As the literature survey indicates, there is a scarcity of information on composite nanofiber with CNW, especially with apolar polymer matrices, on nanofiber processing methods other than using the simple single-component nozzle system, and on the differences in properties between electrospun samples and cast films. To address such needs, an extensive experimental study was carried out in order to broaden the range of polymers for making composite nanofibers, and to explore different processing methods for making CNW-based nanocomposites. Maleic anhydride grafted elastomeric polymer was used as the polymer matrix. While the elastomeric polymer itself is incompatible with the polar CNWs, the maleic anhydride groups provide compatibility between CNWs and the polymer matrix so as the effect of compatibilization can be evaluated on mechanical, thermal and morphological properties. Three different fabrication methods were used to make CNW nanocomposites, and they included electrospinning of nanofiber webs using a single-component nozzle, electrospinning of nanofiber webs using a coaxial bi-component nozzle, and films by casting and compression molding so that the effect of nozzle type (single-component nozzle versus coaxial bi-component nozzle) in electrospinning and the method of sample formation (films versus nanofiber webs) could be studied. Nanocomposite samples obtained from these three different systems were characterized in terms of morphology, and mechanical and thermal properties to provide useful data for their applications.

Experimental details

Materials

Polystyrene-block-poly(ethylene-ran-butylene)-block-polystyrene-graft-maleic anhydride (melt index approximately 21 g/10 min, and composition of maleic anhydride approximately 2%) from Sigma Aldrich, referred to as Mah Elastomer in this paper, was used as the polymer matrix. Cyclohexane, dimethylformamide (DMF) and tetrahydrofuran (THF) from Merck were mixed in the ratio of 70:20:10 (70% cyclohexane, 20% DMF, 10% THF), and used as the solvent to prepare the 10% Mah Elastomer solution. As a nanofiller material, CNWs were used in the ratio of 20:80 (20% CNWs, 80% Mah Elastomer polymer). This ratio was chosen to balance the effect of reinforcement which increases with CNW loading up to 20% as pointed out by Lu and Hsieh,²⁰ and the limit on processibility which decreases at high CNW loading rates.

Preparation of CNWs

CNWs were prepared by acid hydrolysis of microcrystalline cellulose (MCC, Avicel type GP1030 from FMC Biopolymer) following a similar procedure by Marcovich et al.²⁸ MCC (5 gr) was hydrolyzed in 43.75 ml of sulfuric acid (95–98%, Merck) at 45℃ for 130 min. Then, deionized water (170 ml) was added and the solution was kept for 17–24 hours. The excess of sulfuric acid was removed by going through nine cycles of centrifugation at 8000 rpm, each cycle lasting for 40 minutes (Nüve NF 800 R). The supernatant was removed from the sediment and was replaced by deionized water. The centrifugation continued until the supernatant became turbid. NaOH was added into the solution in the eighth cycle in order to decrease the acidity of the solution until the final suspension had a pH value of 9.²¹

Preparation of samples

Mah Elastomer was dissolved in the solvent of cyclohexane, DMF and THF mixture. DMF and THF were used to improve the electrospinnibility.²⁹ Three different samples were prepared in this study: a web of composite nanofibers obtained from electrospinning using a single-component nozzle, a web of composite nanofibers obtained from electrospinning with a coaxial bi-component nozzle, a film by solvent casting and compression molding.

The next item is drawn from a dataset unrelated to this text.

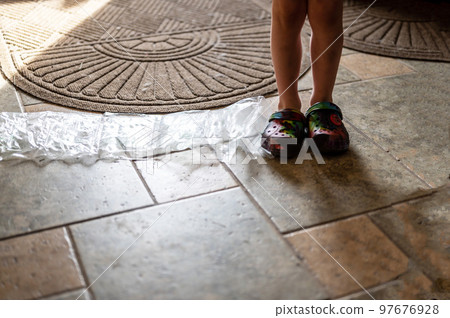 Focus on feet of a child standing on top of bubble wrap that has been popped. Focus on feet of a child standing on top of bubble wrap that has been popped. 97676928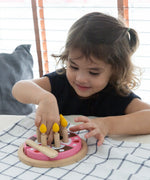 Child playing with the PlanToys wooden birthday cake set with wooden candles inside the holes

To produce a web using the single-component nozzle system, a mechanical homogenizer (WiseTis Homogenizer-HG-15D) was used to mix CNW in the Mah Elastomer solution at 9000 rpm for 15 min. The applied voltage for electrospinning was 20 kV (Matsusada). The solution was fed by a syringe pump (Sıno mdt, sn-50c6/c6t) with a 1.5 ml/h feed rate. The needle used as the spinning nozzle was 0.80 mm in inner diameter and 38 mm in length. The distance between the needle tip and the aluminum collector was 15 cm. The nanofiber webs containing 20% CNWs produced using the single-component nozzle are referred to as Single N, and the nanofiber webs of 100% Mah Elastomer without CNWs are referred to as Reference N (reference nanofibers).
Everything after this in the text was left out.